Qual è il senso delle vostre 12 proposte?
Il senso è quello di inserire all’interno dell’impianto del nuovo Piano nazionale di sviluppo criteri, obiettivi, indicatori e progetti coerenti con i nostri principi e valori costituzionali, europei e del diritto internazionale. Ripensare all’economia in funzione della pace, della sicurezza, della sostenibilità e del benessere per tutta l’umanità, intesa come soddisfazione ed accesso all’intero sistema dei diritti umani, politici, civili, sociali, economici e culturali, deve essere il nostro faro. Per fare ciò occorre rivedere le nostre priorità, cosa potenziare e cosa ridurre. Noi proponiamo di investire e potenziare la ricerca, gli investimenti per portare l’Italia ad essere un paese di punta nella riconversione dell’industria militare a quella civile, sostenibile e con diritti. Essere protagonisti di una transizione arcobaleno e non solo green, per usare uno slogan.
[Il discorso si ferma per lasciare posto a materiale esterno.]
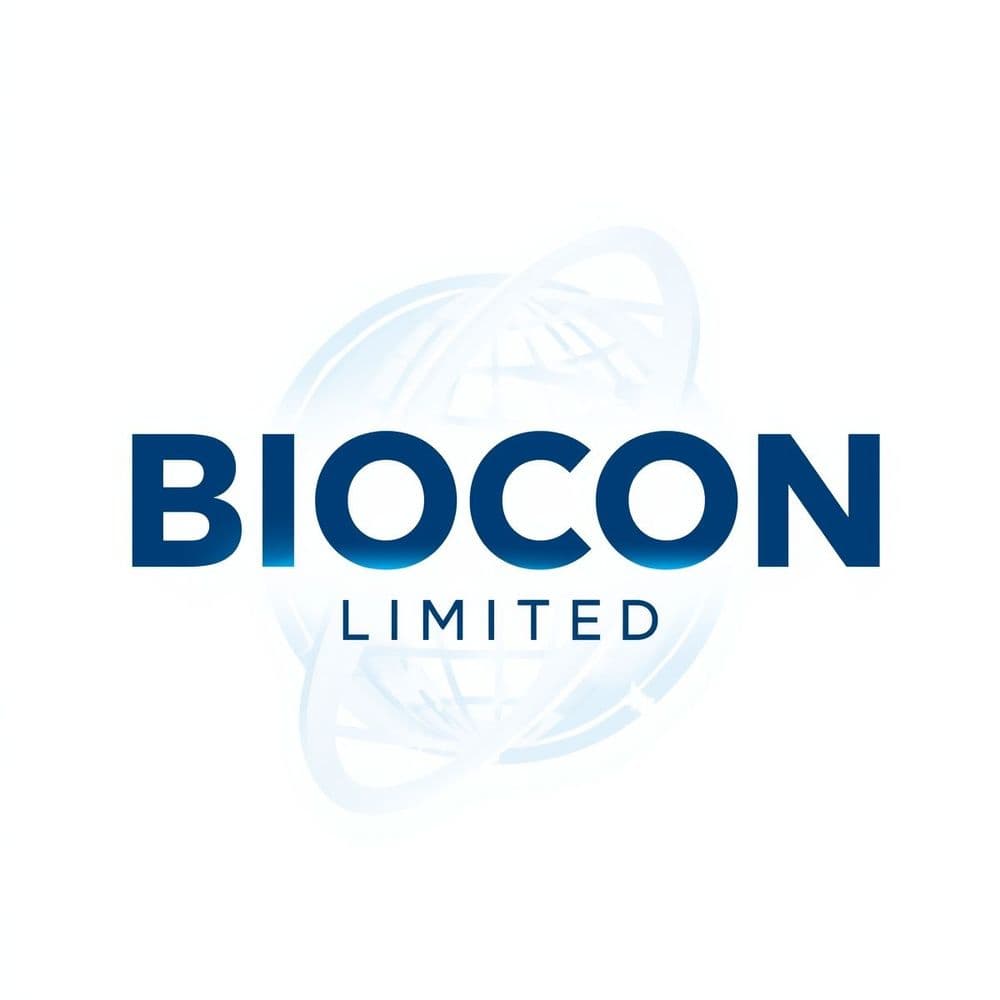 Biocon Issues ₹200 Cr Commercial Papers Via Private Placement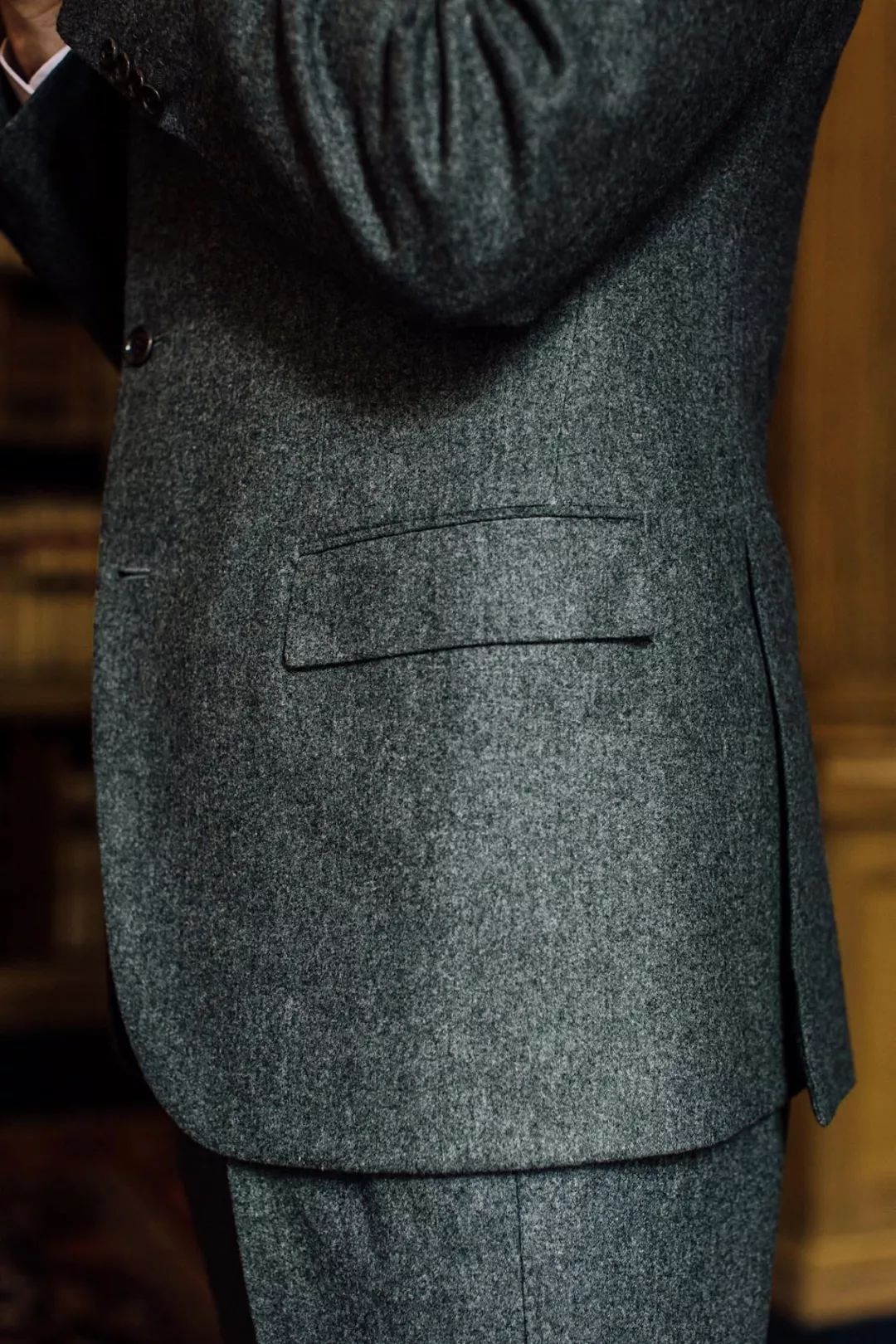 小清新法兰绒冬季加厚,法兰绒清新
Chiaro che questa scelta ha ripercussioni politiche internazionali, oltre che di riqualificazione degli investimenti e delle professionalità. Significa dire no alle richieste della Nato di portare al 2% la spesa militare, significa rivedere gli accordi e le relazioni commerciali con quei paesi che comprano armi in cambio di non essere disturbati nei loro affari interni e nell’azione bellica. Dobbiamo scegliere, come paese, da che parte stare. E per noi è chiaro che vogliamo stare dalla parte dell’Italia che promuove la pace, investe nella sicurezza attraverso la cooperazione, la solidarietà, l’accoglienza, la distribuzione della ricchezza, l’accesso universale alla salute, all’educazione,al lavoro con diritti.
Quella del disarmo, tra l'altro, è una battaglia che anche la Cgil ha intrapreso, come dimostra una risoluzione sul tema approvata al congresso di Bari del gennaio 2019. Il futuro del lavoro di qualità passa dunque anche attraverso la rinuncia alle armi?
Certo, dobbiamo ricordarci quanto scritto nel nostro statuto, che la Cgil “considera la pace tra i popoli bene supremo dell’umanità”, e che la nostra proposta di diritti del lavoro ha una chiara valenza ed un orizzonte universali. La nostra storia di sindacato confederale, solidale ed internazionalista indicano la strada e l’impegno del mondo del lavoro per la costruzione di una società che rifiuta la guerra e l’uso delle armi e della violenza, per risolvere i conflitti.
La riconversione dell'economia di guerra in economia di pace può esser una strada percorribile? Cosa bisogna fare?
Come scriviamo nelle proposte, partiamo dall’applicazione della Legge 185 del 1990. Diamo vita ad un’istanza che si occupi della ricerca, studio e progettazione di alternative sostenibile per riconvertire l’economia bellica in piani, programmi, progetti di economia civile, pulita, con diritti. Dobbiamo valorizzare il nostro patrimonio territoriale, di intelligenze, di professionalità, al servizio della collettività. Per la messa in sicurezza, per la sostituzione delle energie inquinanti e non rinnovabili, per ripensare al nostro modo di vivere le città e i trasporti. Dobbiamo rivedere gli accordi con i nostri partner del sud del Mediterraneo, non più come accordi per estrarre risorse primarie ed energetiche, ma per costruire insieme una grande area di convivenza, di benessere e di crescita non solo economica ma soprattutto democratica. Al centro ci devono essere il rispetto dei diritti umani, della giustizia sociale, della sostenbilità e del buon governo.
Sembra un sogno.
No, è tutto fattibile, realizzabile. Basta volerlo. E basta aprire gli occhi e pensare a cosa vogliamo lasciare in eredità alle prossime generazioni. La strada è tracciata.